While some decision pertaining to QT could thus emerge from the December 15 meeting, the communication of a precise sequence of steps wouldn’t necessarily be forthcoming, he indicated. ‘We know that forward guidance in times of uncertainty is not always helpful’, he said. ‘But from today’s perspective, in my view it would be appropriate to introduce an element of balance sheet adjustment via the APP early next year unless the economic outlook changes sharply.’

Asked whether the time to actively sell parts of the ECB’s balance sheet could come in 2023, Kazāks said he ‘would not jump that far ahead, because uncertainty is very high’.

He continued: ‘We should not delay the start of QT too much, but at the same time we should be cautious, because we want the transmission mechanism to work. Later on, we should and will talk about actively selling our asset holdings. But it’s still way too early for that.’

Kazāks hesitated to back the view that the modification of the TLTRO conditions would ease pressure on the ECB to unwind its balance sheet via QT. I would look at them as addressing two different segments’, he said. ‘But a reduction in TLTRO money of course would align our instruments more with the interest rates.’

Even with early repayments of the TLTROs and the consequent reduction in liquidity, it would be ‘perhaps years that we will continue to see excess liquidity in the system, given how much is there’, he said, leaving the deposit facility rate the relevant key interest rate for some time to come.

The idea of maintaining reinvestment of maturing securities at least until TLTRO repayments have been absorbed did not win Kazāks’ endorsement. ‘I would refrain from that specific sequencing of instruments’, he said.

Predictions of some bank analysts that the ECB would find itself reversing course toward the end of next year and already cutting interest rates again were unlikely to be fulfilled, he said.

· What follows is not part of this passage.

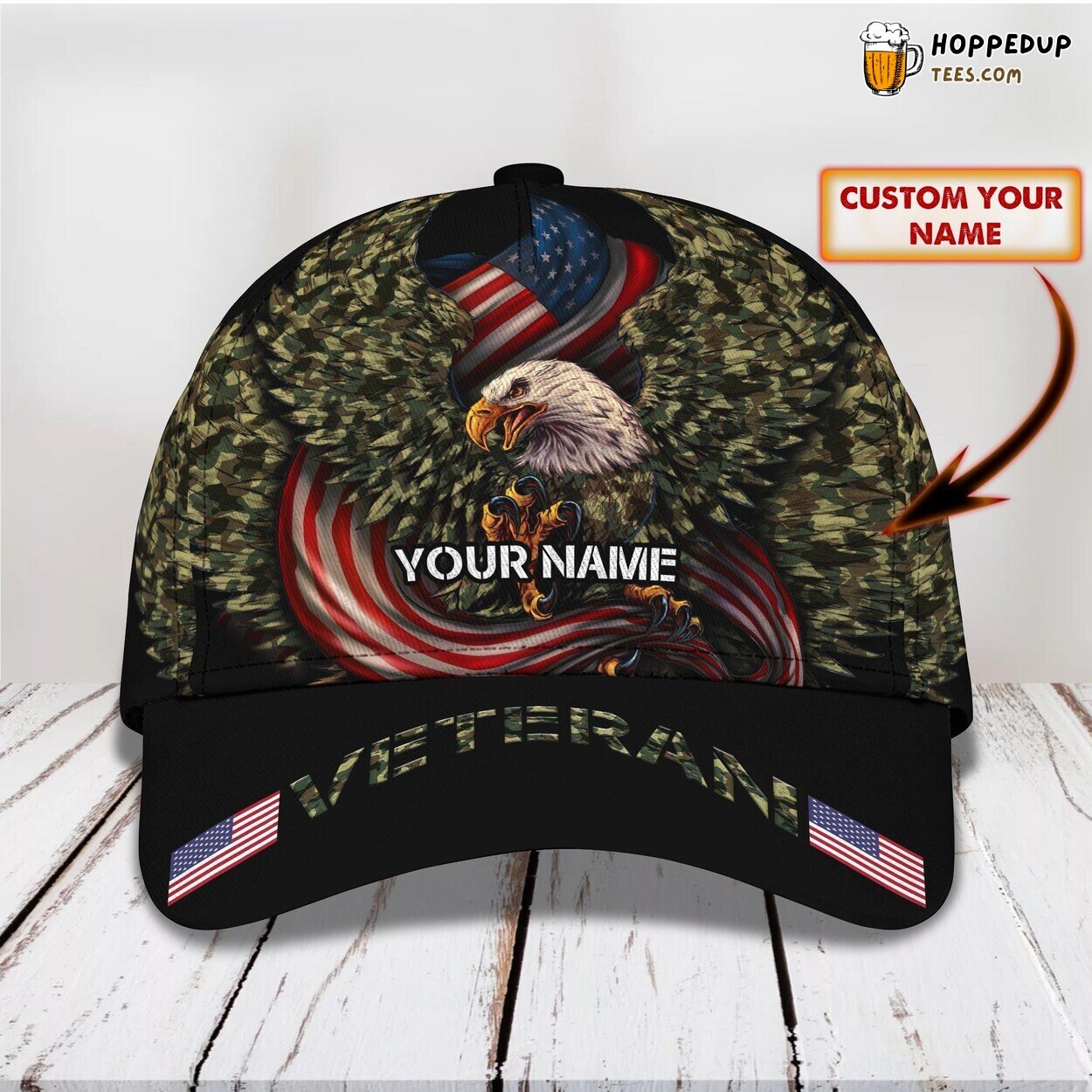 3D Personalized Classic Cap Veteran Patriotic Name Cap Unique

‘It would most likely require an extremely sharp and deep recession, which currently is neither the ECB’s baseline nor even the most likely negative scenario’, he explained. ‘The risk of recession is there, and my personal view is that the risk of recession in the euro area has become the baseline. But it’s likely to be relatively shallow and short-lived, and this would not lead to rate cuts.’

In other comments, Kazāks advocated a risk management approach to monetary policy, arguing that losing control over elevated inflation was likely to ultimately entail more severe consequences than leaning too hard against it.

If the choice is between overdoing it on the one hand and underdoing it and then coming back to deal with the problem again on the other, then it is better to choose the first option’, he said. ‘I don’t actually want to overdo it of course, but I think the risks of underdoing it and then dealing with the regime change of switching from a low to a high inflation environment is much costlier to society. I think underdoing it is a significant risk that we should be very aware of, because underdoing means letting high inflation take root, and that would be very problematic.’